We all know that word of mouth is, and always has been, the greatest resource for attracting people to attend shows, so it is in our best interest to capitalize on the “birds of a feather” principle: that people who attend your shows are highly likely to know others who would enjoy them also.
Asking patrons to encourage others to attend your shows is a long-standing common practice. However, many of the efforts I have seen are lacking in two main regards.
1. Marketers send emails to people who have seen a show asking the patron to tell their family and friends about it. The problem here is that most people have difficulty putting into words what made the show special and worth seeing for them. Yet, marketers and artistic personnel are experts at crafting copy about their shows. So send patrons messages that will bring alive the experience in exciting and meaningful ways.
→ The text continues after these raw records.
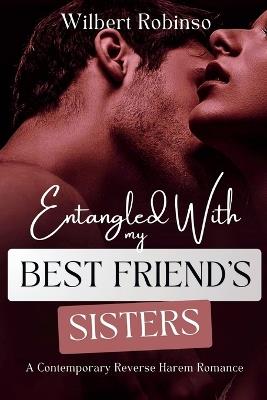 Entangled Wth My Best Friend's Sisters: A Contemporary Reverse Harem Romance - Wilbert Robinson - cover
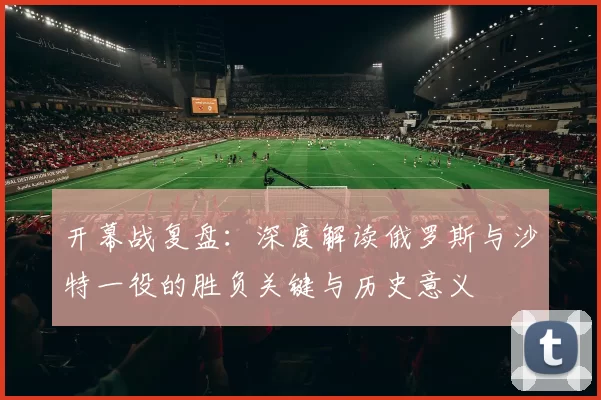 开幕战复盘:深度解读俄罗斯与沙特一役的胜负关键与历史意义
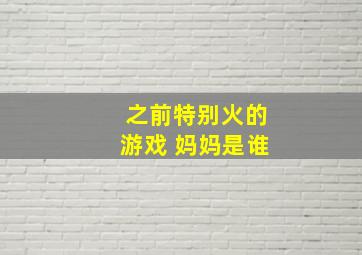 之前特别火的游戏 妈妈是谁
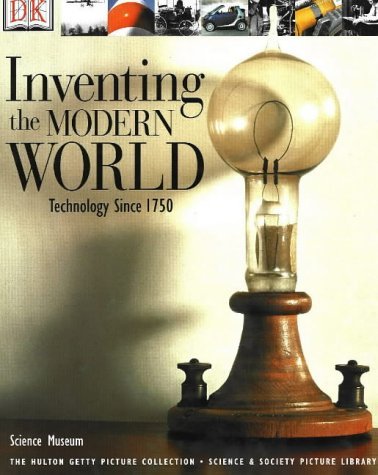Beispielbild fr Inventing the Modern World: Technology Since 1750 zum Verkauf von WorldofBooks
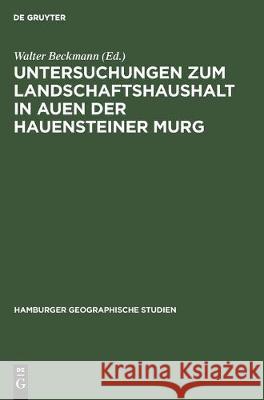 Untersuchungen Zum Landschaftshaushalt in Auen Der Hauensteiner Murg Walter Beckmann 9783112307090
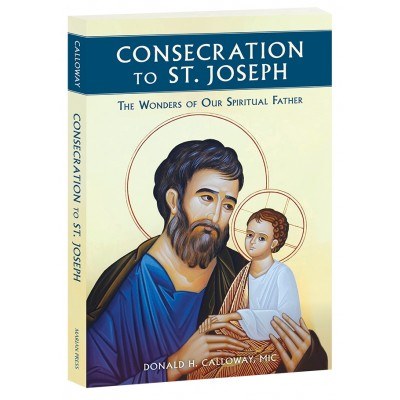 CONSECRATION TO ST JOSEPH: THE WONDERS OF OUR SPIRITUAL FATHER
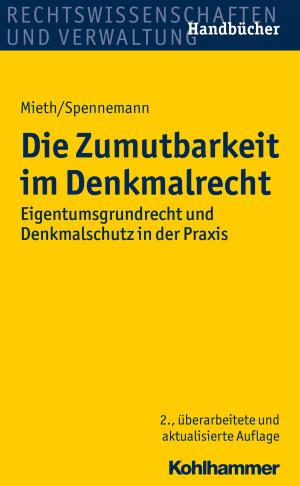 Cover of the book Die Zumutbarkeit im Denkmalrecht by Sabine Schlippe-Weinberger, Helga Lindner, Stephan Ellinger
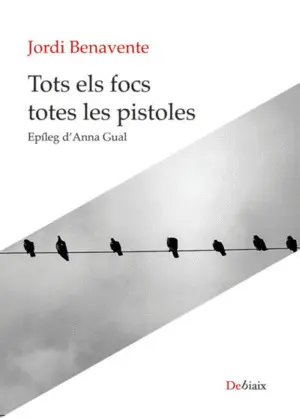 TOTS ELS FOCS TOTES LES PISTOLES TOTS ELS FOCS TOTES LES PISTOLES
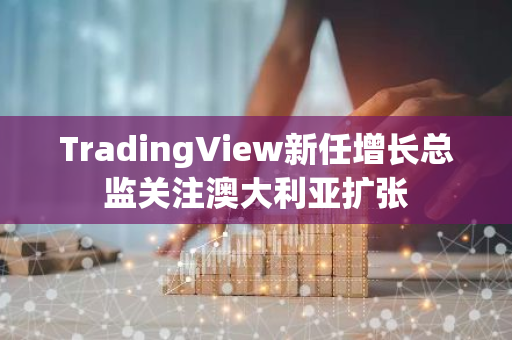 TradingView新任增长总监关注澳大利亚扩张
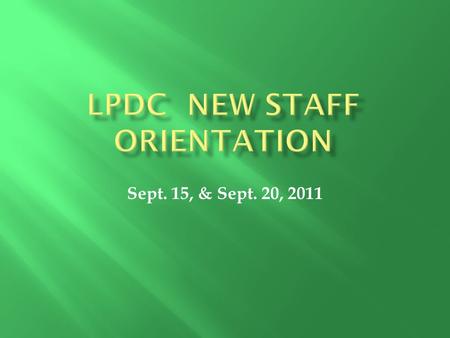 Sept. 15, & Sept. 20, 2011.  LPDC – Local Professional Development Committee  PD – Professional Development  IPDP – Individual Professional Development.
Include brief but intriguing stories about the performers, the playwright or composer or choreographer, about the set design, and so on. In other words, help people to tell the story of what they loved about the show and enhance that with enriching details.
2. All too often, I have seen organizations offer $5 off the price of a ticket to anyone who is recommended by a friend who has seen the show. I see this as a negative tactic, for multiple reasons. A savings of $5 is not enough to stimulate someone to buy a ticket they would not have bought otherwise. Even though this is a small amount of money, it sounds like an act of desperation: “We’ll do anything, almost anything, to get more people in the door.” The real problem here is in focusing the conversation on price. Offering discounts has become an all too common and actually a very lazy way for marketers to alert people to the value of the live performing arts experience.
What people really care about is value, not price. If people are motivated to buy tickets, they will certainly take advantage of a $5 discount, but the value of the experience will be reduced in their minds. We need to do a better job of communicating the true value of the art, the experience, the uniqueness, the live event. We need to stop talking in jargon that means nothing to most patrons. I have seen an organization promote an upcoming show as “Midwest Premiere!” (Who, outside the industry, cares about this?) “Rising star” is overused and basically meaningless. Explain what makes this performer special. And so on.
Spend some of the remaining quiet summer hours creating engaging messages that will bring alive the attendance experience for your potential attenders. Then watch this strategy help populate your nest.